When I was young ‘children should be seen and not heard,’ was definitely the case. We could say ‘hello’ to people, but we were never allowed to have an opinion or voice it in the company of visitors. Whilst I am an old school parent, and still make my children greet people using Aunty and Uncle, I firmly believe that children should have a voice and be allowed to use it in the safety and sanctity of their own homes. If we do not allow them to have an opinion and talk about their feelings or offer advice on issues and events that are taking place in their space, then we are doing them a great disservice.
With teenage anxiety, depression and suicide on the rise in South Africa, we need to equip our children with the means and skills to be able to verbalise what they are feeling and experiencing and encourage them to tell us why they are feeling this way. We need to be encouraging our children to come to us with their problems, and as hard as it is, to not let our personal bias and prejudices come through in our answers and discussions with them.
Anger is a normal emotion and yet we as parents stop our children from ranting and raving as it is seen as unacceptable behaviour.

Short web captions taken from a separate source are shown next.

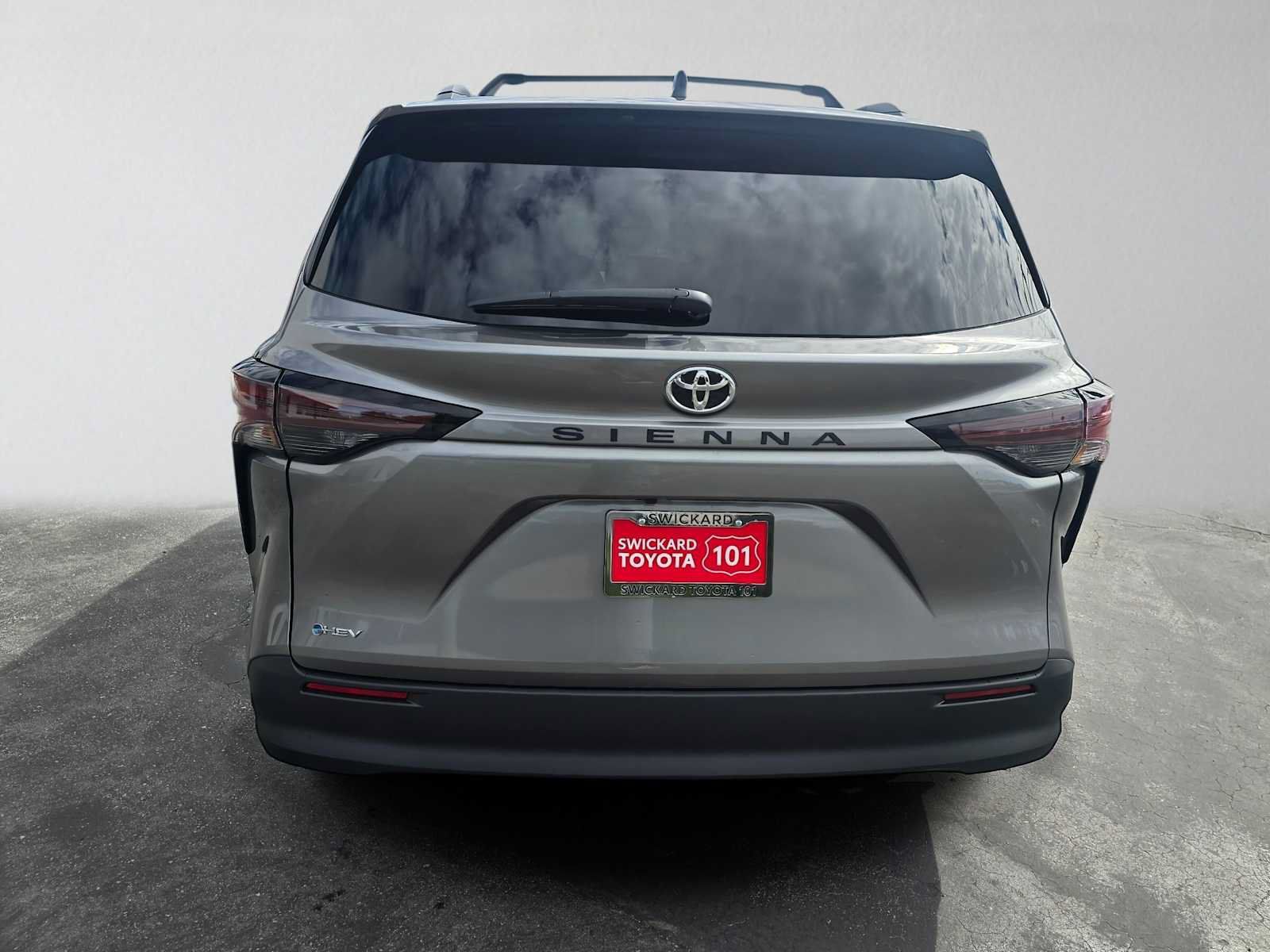 Used 2026 Toyota Sienna LE FWD image 4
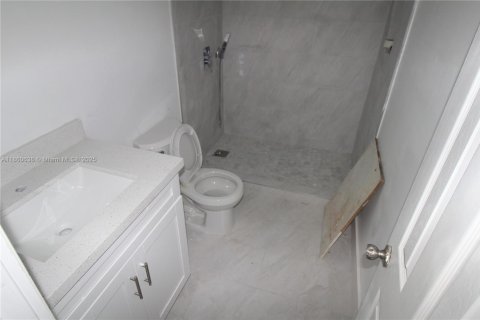 Купить виллу или дом в Хайалиа, Флорида 5 спален, 168.71м2, № 1890450 - фото 9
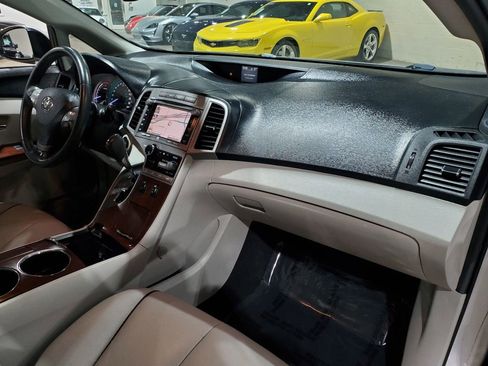 Used 2012 Toyota Venza Limited image 15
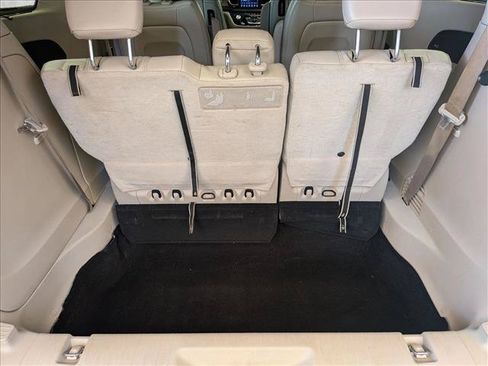 Used 2017 Chrysler Pacifica Touring-L Plus FWD image 6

If we do not allow them to vent with us, they might start internalising these feelings which could lead to them becoming sick, depressed or feeling like they have nowhere to turn.
When your child comes to you with an issue or to talk, remember to be as open minded as possible. Allow them to talk and then reassure them that what they are feeling is totally normal and that they should not be ashamed or feel guilty for whatever it is that they might be going through at that time. Open and honest communication with our children is something that we need to develop and foster. It is this relationship that could end up making or breaking their self-image.
As they get older and start going out with their friends, develop a ‘safe word’ that only you and your child know, so that if they send this word to you, you know that they feel uncomfortable, out of their depth or are in trouble. This allows you to phone with an excuse and to go and fetch your child, and for your child to leave an awkward situation without being ridiculed by their peer group.
However, you may not ask questions until they are ready to tell you what the problem is. They may never be ready to tell you what the issue was, but just knowing that they have a safe space to come home to means the world to them. Raising children in today’s day and age is no mean feat, and it is true what they say: it takes a village to raise a child. These little miracles that we were blessed with, did not come with a manual of what to do or how to raise them. As parents we can just trust our instincts and do everything in our power to keep them safe and protected, whilst still allowing them the freedom to become independent and spread their wings. As parents, let us be as aware of our children’s emotional wellbeing, as we are of their physical needs, especially as they get older and become teenagers. It is during this period of their lives that they need us the most.